### DATASET RECORDS ###
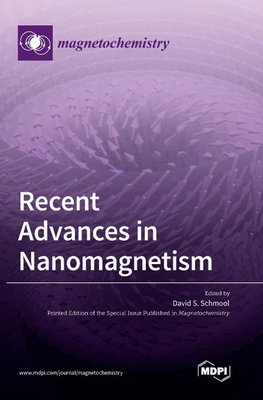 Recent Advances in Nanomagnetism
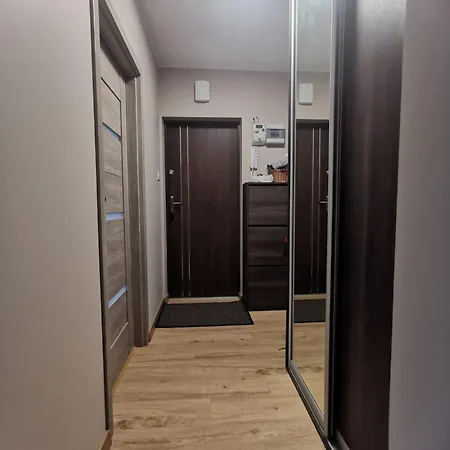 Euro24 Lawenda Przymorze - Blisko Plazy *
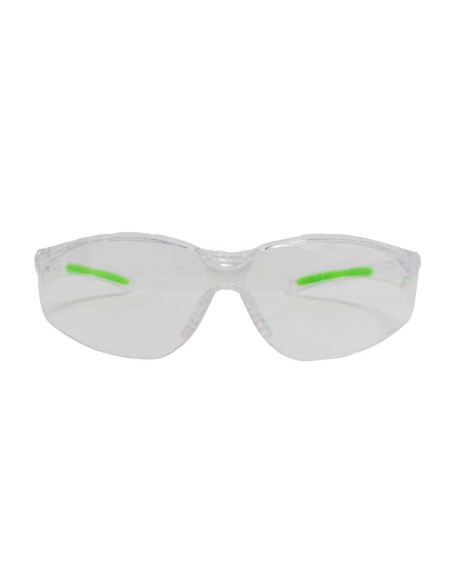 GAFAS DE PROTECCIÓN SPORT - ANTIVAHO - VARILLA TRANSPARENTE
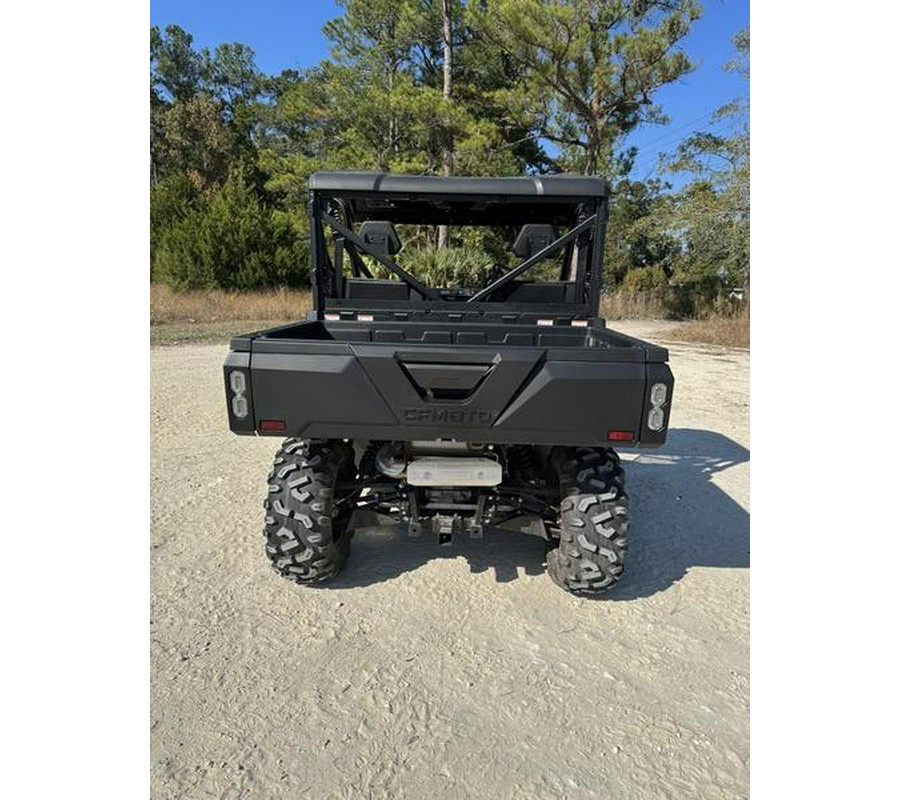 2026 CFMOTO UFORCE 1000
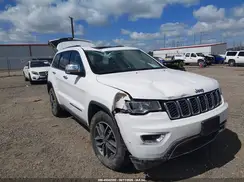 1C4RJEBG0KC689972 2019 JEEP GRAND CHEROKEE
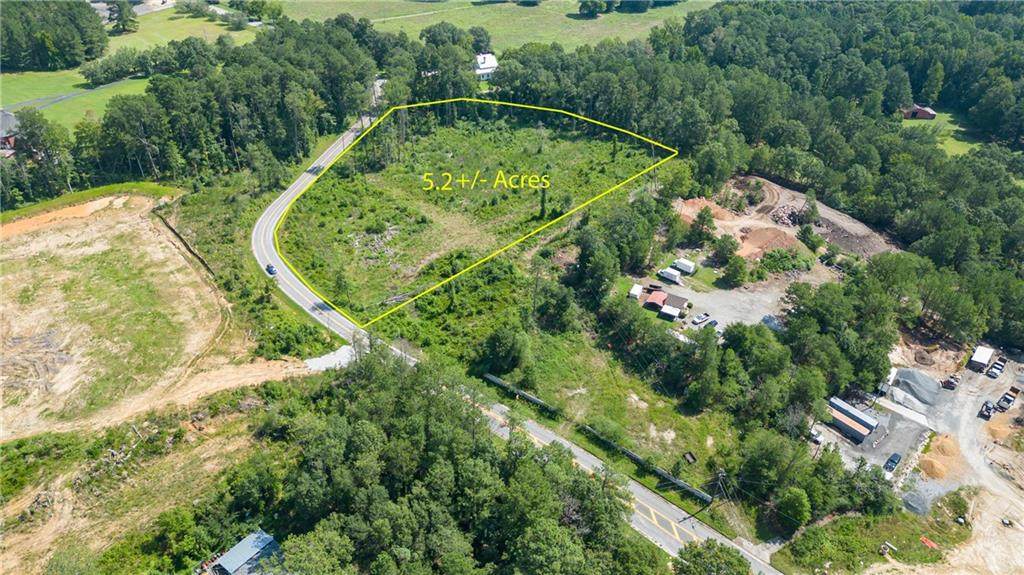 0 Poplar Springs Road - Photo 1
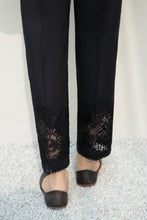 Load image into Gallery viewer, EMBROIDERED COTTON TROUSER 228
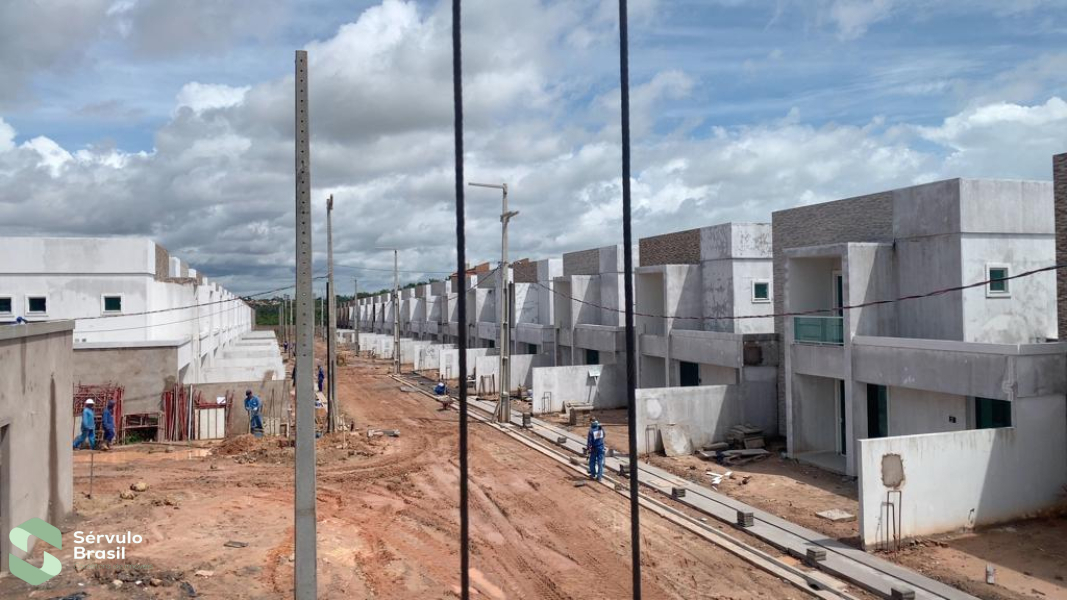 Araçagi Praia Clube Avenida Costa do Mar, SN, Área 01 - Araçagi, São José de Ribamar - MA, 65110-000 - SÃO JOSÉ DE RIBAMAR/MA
###
### DATASET RECORDS ###
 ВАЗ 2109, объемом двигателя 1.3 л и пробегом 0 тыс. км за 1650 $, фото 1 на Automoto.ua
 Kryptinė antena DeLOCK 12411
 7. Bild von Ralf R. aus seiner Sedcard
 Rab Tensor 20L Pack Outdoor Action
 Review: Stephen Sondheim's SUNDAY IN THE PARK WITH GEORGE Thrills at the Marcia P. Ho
###
INSTRUCTIONS FOR THE TASK: Your answer must be everything above from the line with "Recent Advances in Nanomagnetism" down to the line with "Araçagi Praia Clube", word for word, and no pictures.

WRITTEN SOLUTION:
 Recent Advances in Nanomagnetism
 Euro24 Lawenda Przymorze - Blisko Plazy *
 GAFAS DE PROTECCIÓN SPORT - ANTIVAHO - VARILLA TRANSPARENTE
 2026 CFMOTO UFORCE 1000
 1C4RJEBG0KC689972 2019 JEEP GRAND CHEROKEE
 0 Poplar Springs Road - Photo 1
 Load image into Gallery viewer, EMBROIDERED COTTON TROUSER 228
 Araçagi Praia Clube Avenida Costa do Mar, SN, Área 01 - Araçagi, São José de Ribamar - MA, 65110-000 - SÃO JOSÉ DE RIBAMAR/MA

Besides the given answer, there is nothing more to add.